Exercise description:
Retype the opening lines of the listing below, ending with the line that contains "九年级物理上学期段考试卷试卷(00002)_第1页", and leave out any pictures.

Supplied records:
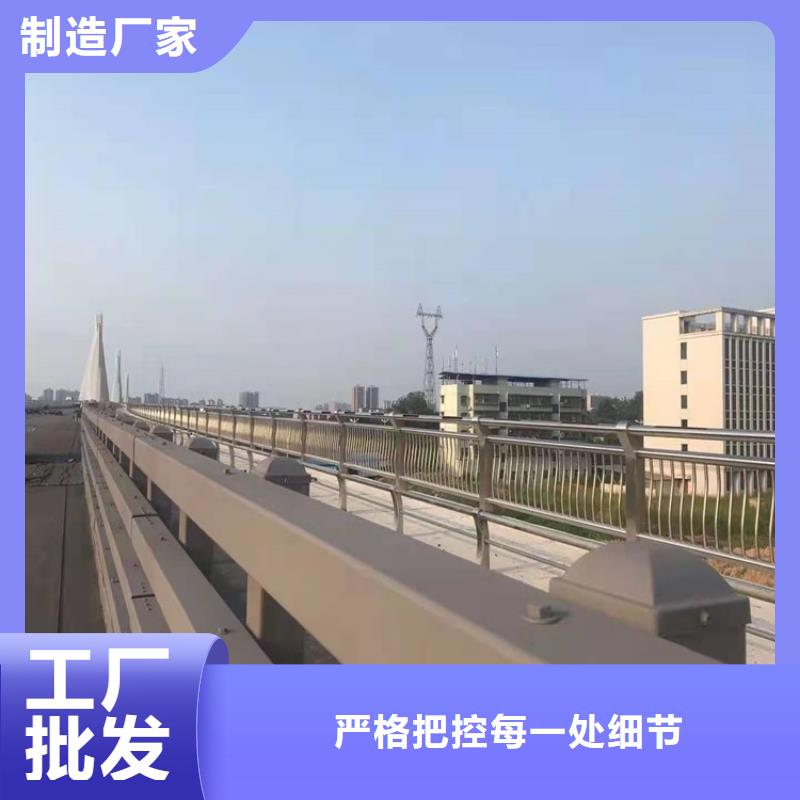 3-道路护栏经验丰富质量放心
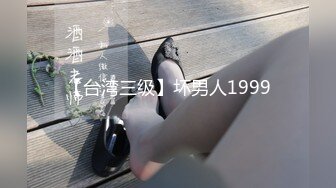 【台湾三级】坏男人1999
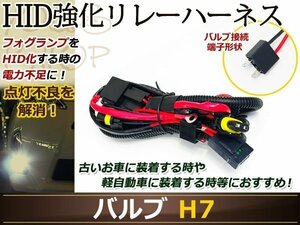 HID 電源強化 リレーハーネス H7 ヘッドライト フューズ 電圧 電圧 安定 ユニット 12V 35W/55W 防水 専用カプラー フォグランプ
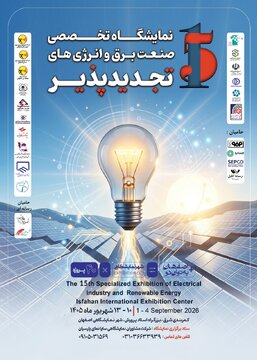 ظرفیت‌های انرژی پاک در نمایشگاه تخصصی اصفهان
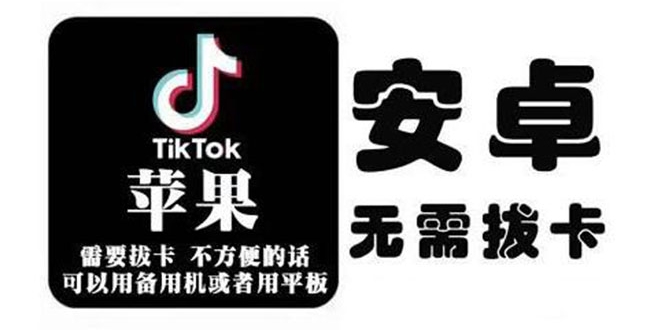 tiktok海外版短视频操作教程(苹果/安卓)，帮助国内也能刷海外版抖音 - 阿伟资源库-阿伟资源库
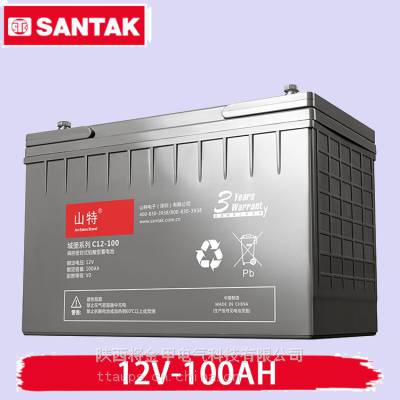 ɽ늳C12-100 12V100AHUSo CUPSԴ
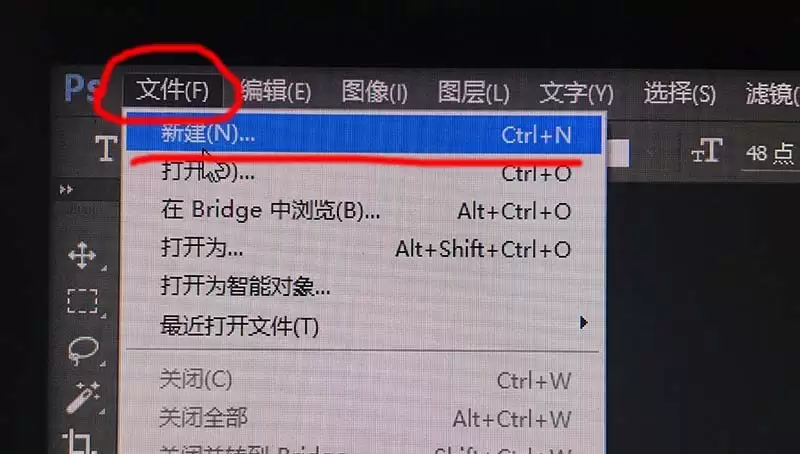 ps如何设计挤压文字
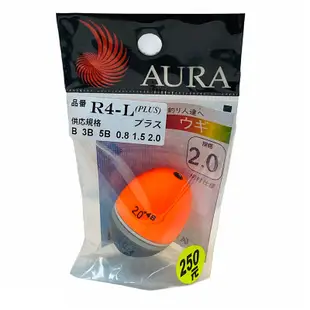 《AURA》R4-L磯釣阿波(橘) 中壢鴻海釣具館 磯釣浮標 中通阿波 釣魚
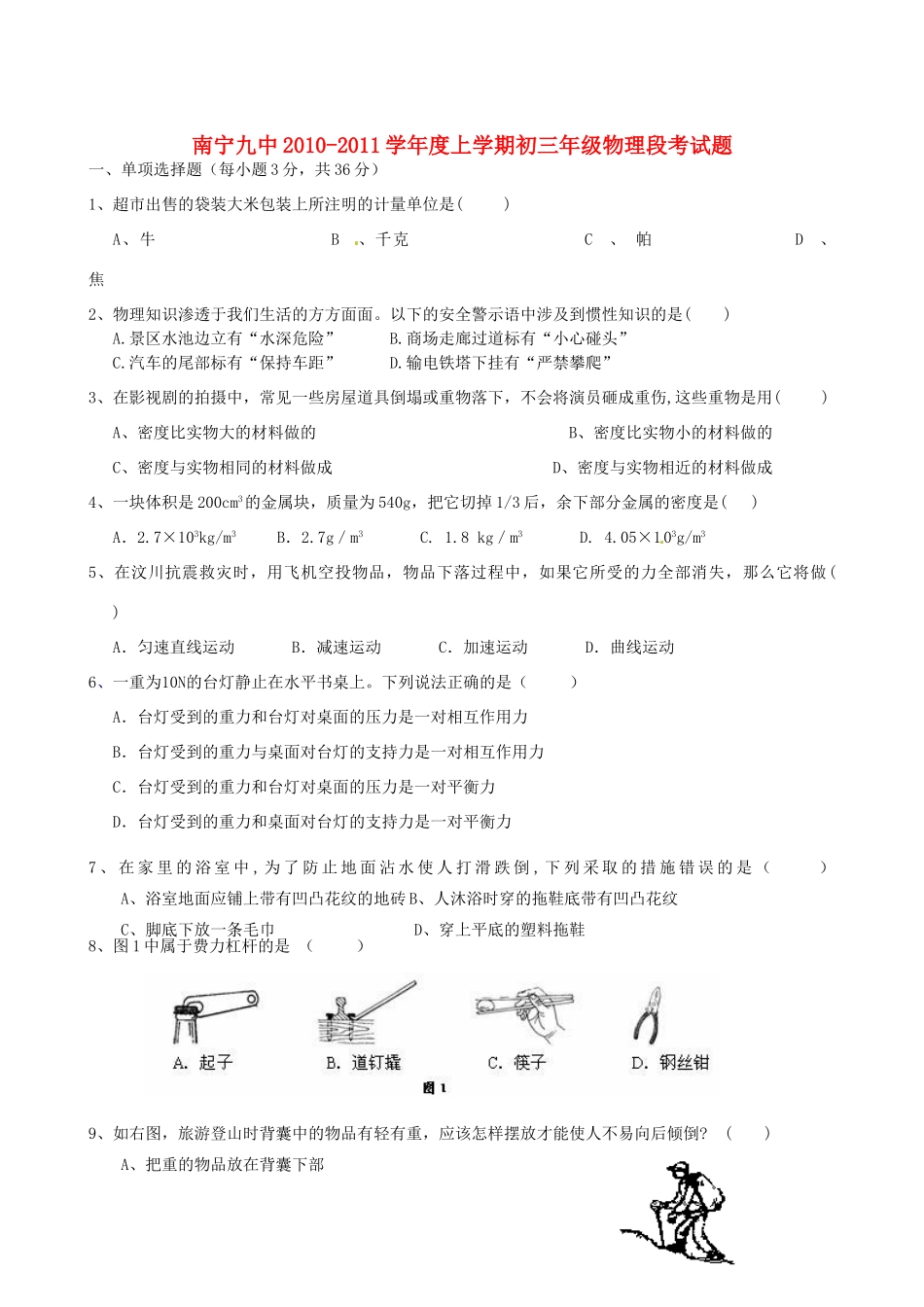 九年级物理上学期段考试卷试卷(00002)_第1页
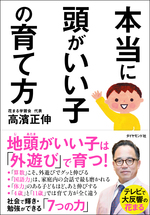 子どもの日本語力があぶない!?<br />家庭で国語力を高める6つの方法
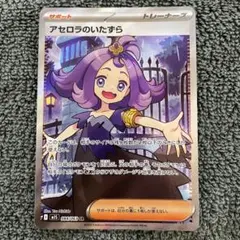 M1S シンフォニア　アセロラのいたずらsr 2枚セット 2025年最新】アセロラのいたずらSRの人気アイテム - メルカリ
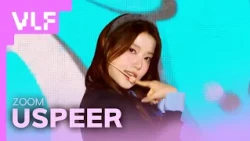 [VLF] USPEER (유스피어) - ZOOM | MBC 버추얼 라이브 페스티벌 with CoupangPlay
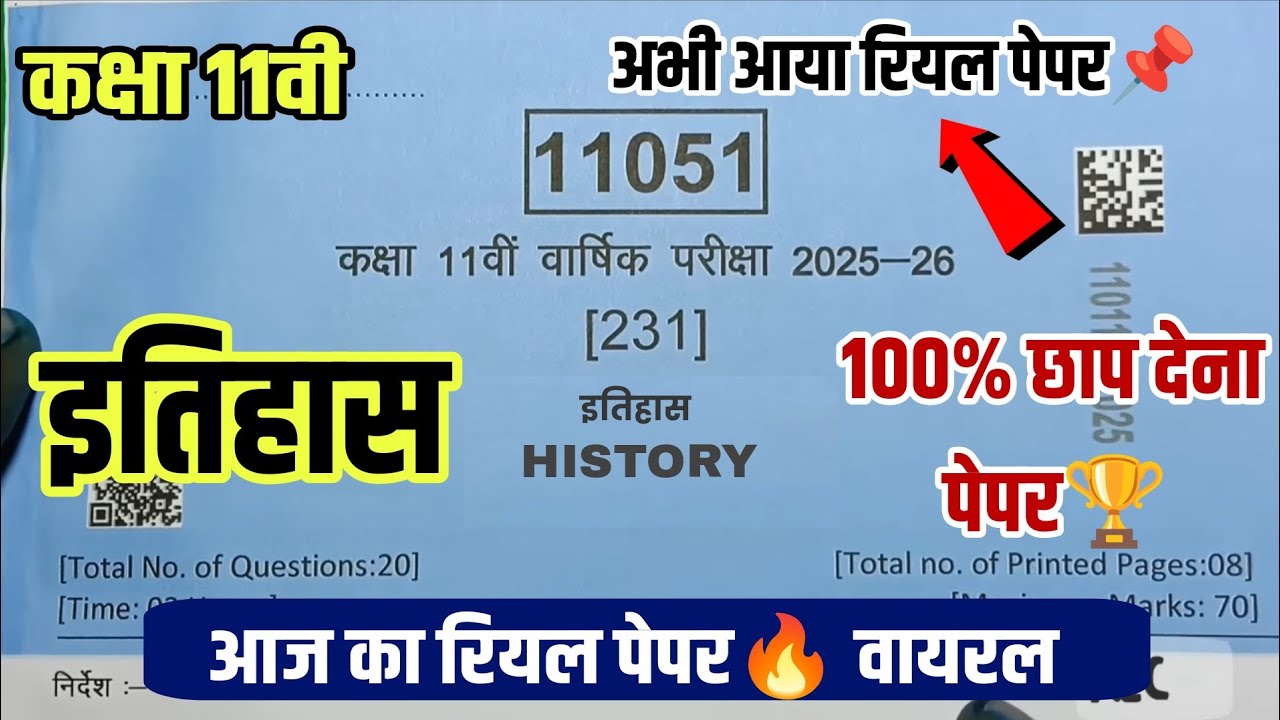 🏆आज का असली पेपर🏆 कक्षा 11वीं इतिहास वार्षिक परीक्षा पेपर 2026|| class 11th history question paper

Response to the exercise:
 3-道路护栏经验丰富质量放心
 【台湾三级】坏男人1999
 HID 電源強化 リレーハーネス H7 ヘッドライト フューズ 電圧 電圧 安定 ユニット 12V 35W/55W 防水 専用カプラー フォグランプ
 ظرفیت‌های انرژی پاک در نمایشگاه تخصصی اصفهان
 tiktok海外版短视频操作教程(苹果/安卓)，帮助国内也能刷海外版抖音 - 阿伟资源库-阿伟资源库
 ɽ늳C12-100 12V100AHUSo CUPSԴ
 ps如何设计挤压文字
 《AURA》R4-L磯釣阿波(橘) 中壢鴻海釣具館 磯釣浮標 中通阿波 釣魚
 九年级物理上学期段考试卷试卷(00002)_第1页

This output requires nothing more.